-- Action item --
The answer is the exact run of lines in the listing below from the line containing "Millennia High Waist" up to and including the line containing "Bugaboo Pushchairs Bugaboo", with pictures removed.

-- Given data --
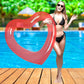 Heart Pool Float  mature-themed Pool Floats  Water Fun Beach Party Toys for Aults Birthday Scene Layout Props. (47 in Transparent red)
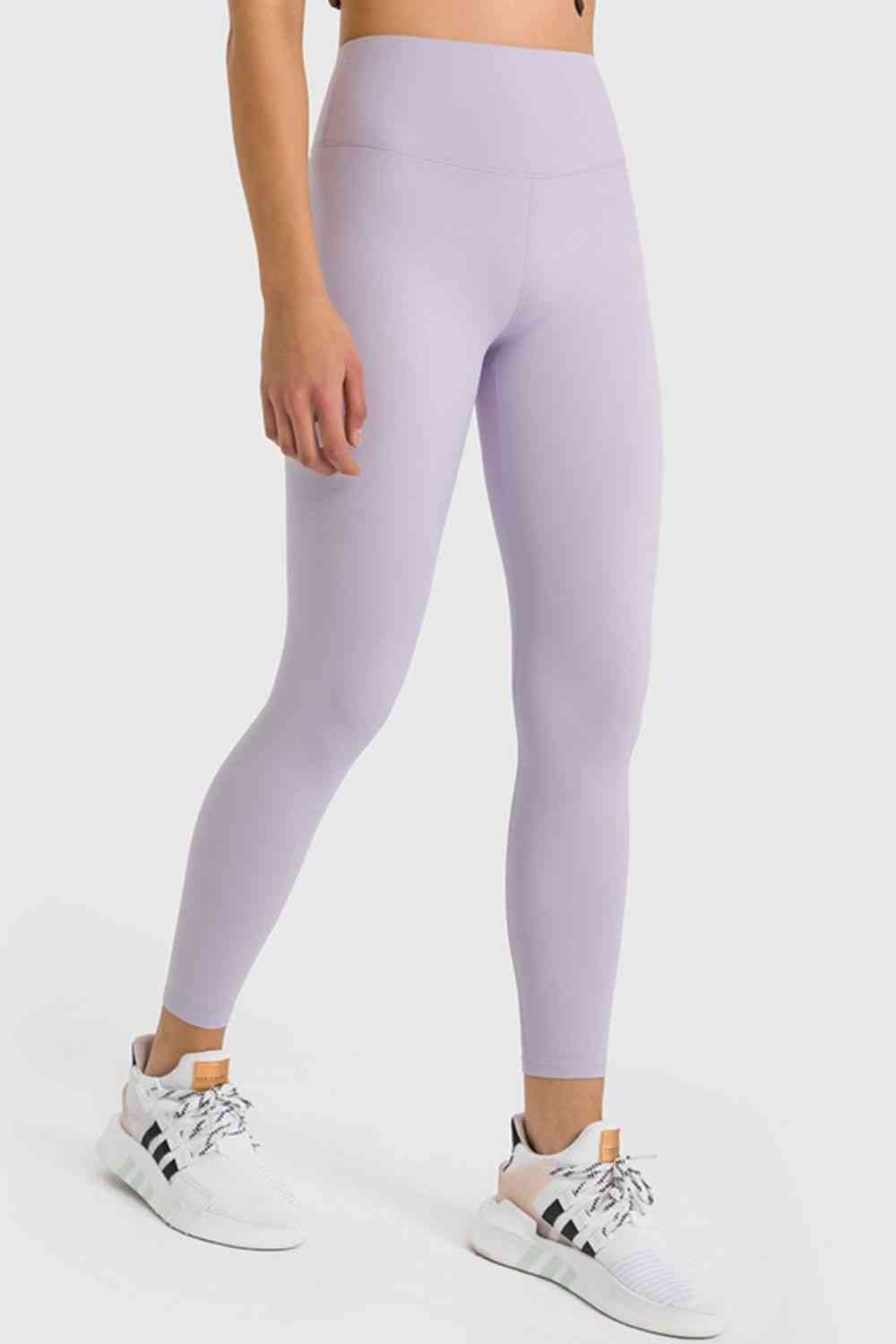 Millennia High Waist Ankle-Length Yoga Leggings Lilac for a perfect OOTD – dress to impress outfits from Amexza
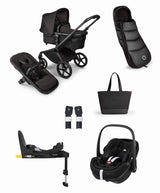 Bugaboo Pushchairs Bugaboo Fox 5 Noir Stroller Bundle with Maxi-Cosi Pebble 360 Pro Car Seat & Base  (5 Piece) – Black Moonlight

--

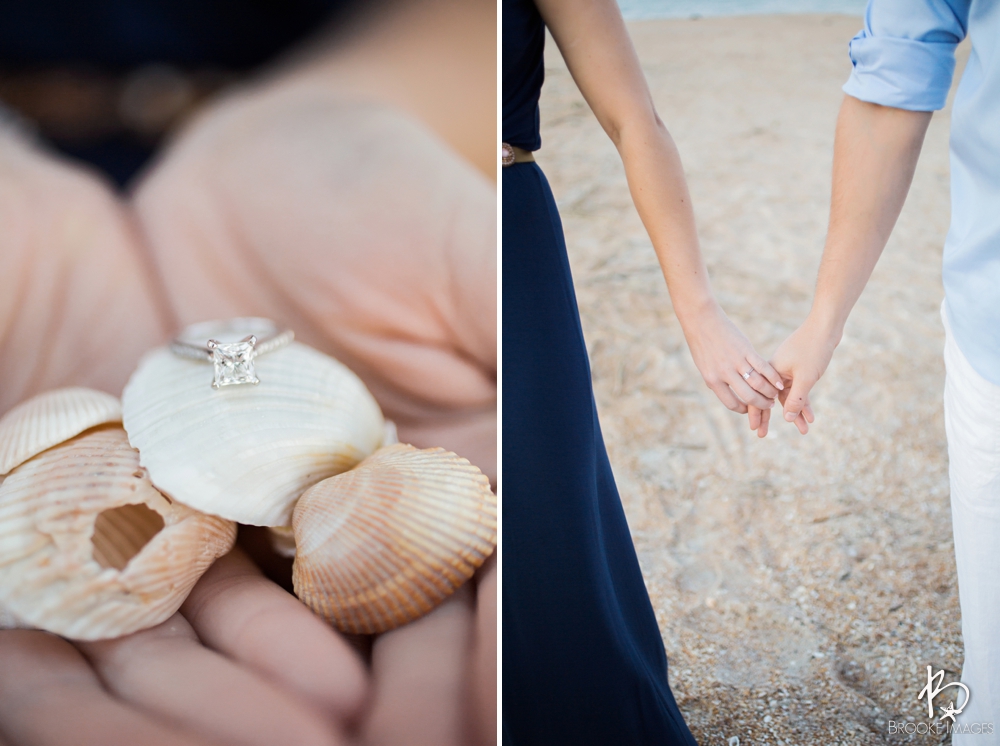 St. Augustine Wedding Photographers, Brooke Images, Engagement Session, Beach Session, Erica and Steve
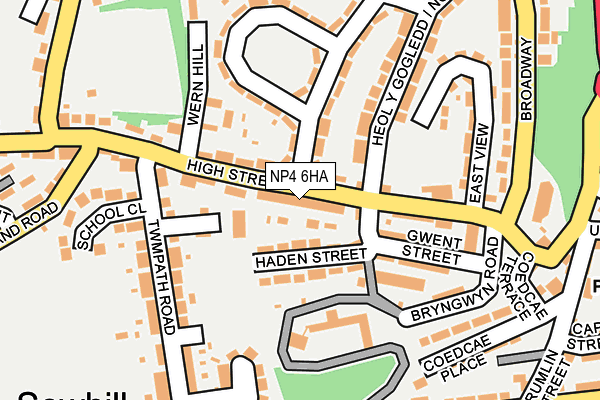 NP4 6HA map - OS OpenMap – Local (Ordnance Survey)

---

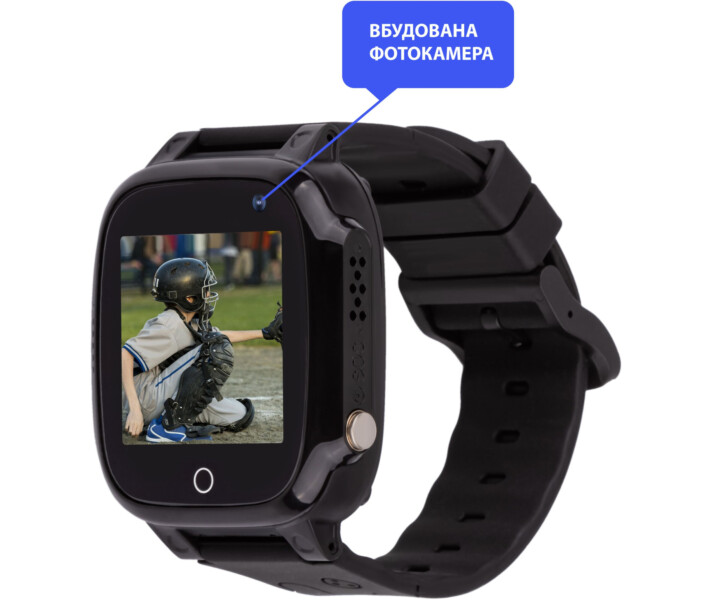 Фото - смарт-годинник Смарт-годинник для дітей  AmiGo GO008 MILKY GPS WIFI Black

-- Worked solution --
 Millennia High Waist Ankle-Length Yoga Leggings Lilac for a perfect OOTD – dress to impress outfits from Amexza
 Bugaboo Pushchairs Bugaboo Fox 5 Noir Stroller Bundle with Maxi-Cosi Pebble 360 Pro Car Seat & Base  (5 Piece) – Black Moonlight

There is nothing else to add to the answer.